Work to be completed: In the listing below, the answer starts at the line that has "this 1110×625 image." and stops after the line that has "this 1000×750 image."; please repeat that part exactly and nothing more.

Input:
-------

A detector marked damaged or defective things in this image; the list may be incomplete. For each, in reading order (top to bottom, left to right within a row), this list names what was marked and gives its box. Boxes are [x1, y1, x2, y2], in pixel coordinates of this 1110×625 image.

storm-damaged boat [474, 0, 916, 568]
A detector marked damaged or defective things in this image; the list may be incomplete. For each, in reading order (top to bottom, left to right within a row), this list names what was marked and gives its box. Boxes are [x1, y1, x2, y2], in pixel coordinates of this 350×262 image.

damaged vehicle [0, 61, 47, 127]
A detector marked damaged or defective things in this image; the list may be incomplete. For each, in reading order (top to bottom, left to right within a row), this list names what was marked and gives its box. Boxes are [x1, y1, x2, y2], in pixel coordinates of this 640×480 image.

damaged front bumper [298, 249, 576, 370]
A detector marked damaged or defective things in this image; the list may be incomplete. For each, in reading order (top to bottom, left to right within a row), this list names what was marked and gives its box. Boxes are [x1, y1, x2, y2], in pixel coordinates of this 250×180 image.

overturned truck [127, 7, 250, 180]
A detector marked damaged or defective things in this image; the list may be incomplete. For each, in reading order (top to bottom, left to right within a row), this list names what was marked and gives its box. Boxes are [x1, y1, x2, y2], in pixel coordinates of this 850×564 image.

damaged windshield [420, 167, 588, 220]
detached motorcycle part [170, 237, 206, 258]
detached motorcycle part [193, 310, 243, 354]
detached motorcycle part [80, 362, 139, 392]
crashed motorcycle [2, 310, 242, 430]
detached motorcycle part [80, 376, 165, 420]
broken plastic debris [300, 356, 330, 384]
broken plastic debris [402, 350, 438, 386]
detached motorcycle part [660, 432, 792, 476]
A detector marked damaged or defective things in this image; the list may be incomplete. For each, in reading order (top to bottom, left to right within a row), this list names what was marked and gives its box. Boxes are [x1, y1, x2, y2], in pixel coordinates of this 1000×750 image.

-------

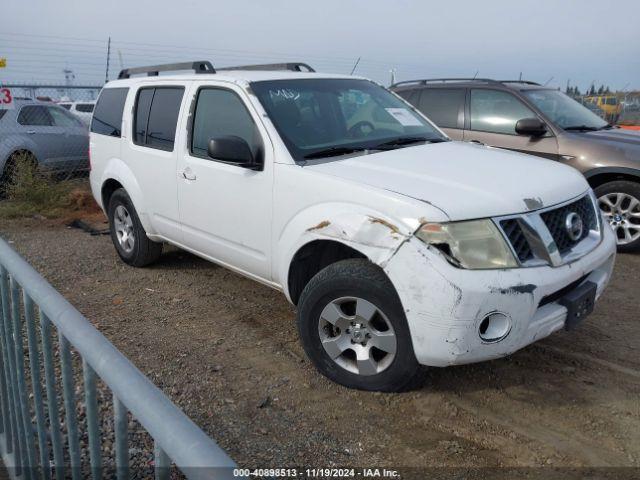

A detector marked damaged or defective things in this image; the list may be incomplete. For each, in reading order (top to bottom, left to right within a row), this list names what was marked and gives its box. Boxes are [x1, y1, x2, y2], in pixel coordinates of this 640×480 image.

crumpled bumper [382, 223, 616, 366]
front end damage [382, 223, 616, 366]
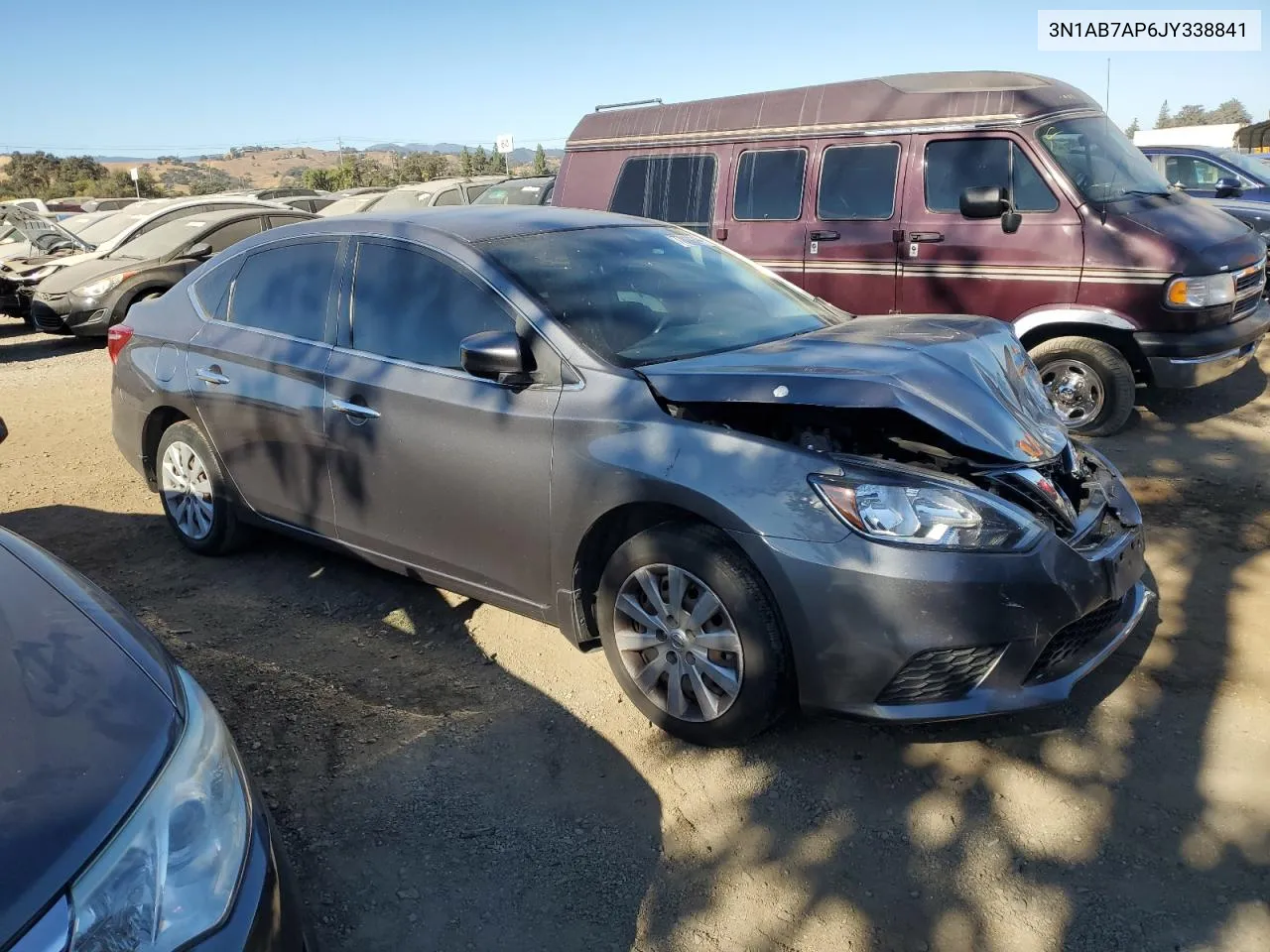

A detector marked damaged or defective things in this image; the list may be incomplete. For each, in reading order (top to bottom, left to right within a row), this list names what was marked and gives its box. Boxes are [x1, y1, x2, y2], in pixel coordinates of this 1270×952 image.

-------

Reply:
A detector marked damaged or defective things in this image; the list may be incomplete. For each, in reading order (top to bottom, left to right within a row), this list names what was marked and gives its box. Boxes are [x1, y1, x2, y2], in pixel coordinates of this 1110×625 image.

storm-damaged boat [474, 0, 916, 568]
A detector marked damaged or defective things in this image; the list may be incomplete. For each, in reading order (top to bottom, left to right within a row), this list names what was marked and gives its box. Boxes are [x1, y1, x2, y2], in pixel coordinates of this 350×262 image.

damaged vehicle [0, 61, 47, 127]
A detector marked damaged or defective things in this image; the list may be incomplete. For each, in reading order (top to bottom, left to right within a row), this list names what was marked and gives its box. Boxes are [x1, y1, x2, y2], in pixel coordinates of this 640×480 image.

damaged front bumper [298, 249, 576, 370]
A detector marked damaged or defective things in this image; the list may be incomplete. For each, in reading order (top to bottom, left to right within a row), this list names what was marked and gives its box. Boxes are [x1, y1, x2, y2], in pixel coordinates of this 250×180 image.

overturned truck [127, 7, 250, 180]
A detector marked damaged or defective things in this image; the list may be incomplete. For each, in reading order (top to bottom, left to right within a row), this list names what was marked and gives its box. Boxes are [x1, y1, x2, y2], in pixel coordinates of this 850×564 image.

damaged windshield [420, 167, 588, 220]
detached motorcycle part [170, 237, 206, 258]
detached motorcycle part [193, 310, 243, 354]
detached motorcycle part [80, 362, 139, 392]
crashed motorcycle [2, 310, 242, 430]
detached motorcycle part [80, 376, 165, 420]
broken plastic debris [300, 356, 330, 384]
broken plastic debris [402, 350, 438, 386]
detached motorcycle part [660, 432, 792, 476]
A detector marked damaged or defective things in this image; the list may be incomplete. For each, in reading order (top to bottom, left to right within a row), this list names what was marked and gives its box. Boxes are [x1, y1, x2, y2], in pixel coordinates of this 1000×750 image.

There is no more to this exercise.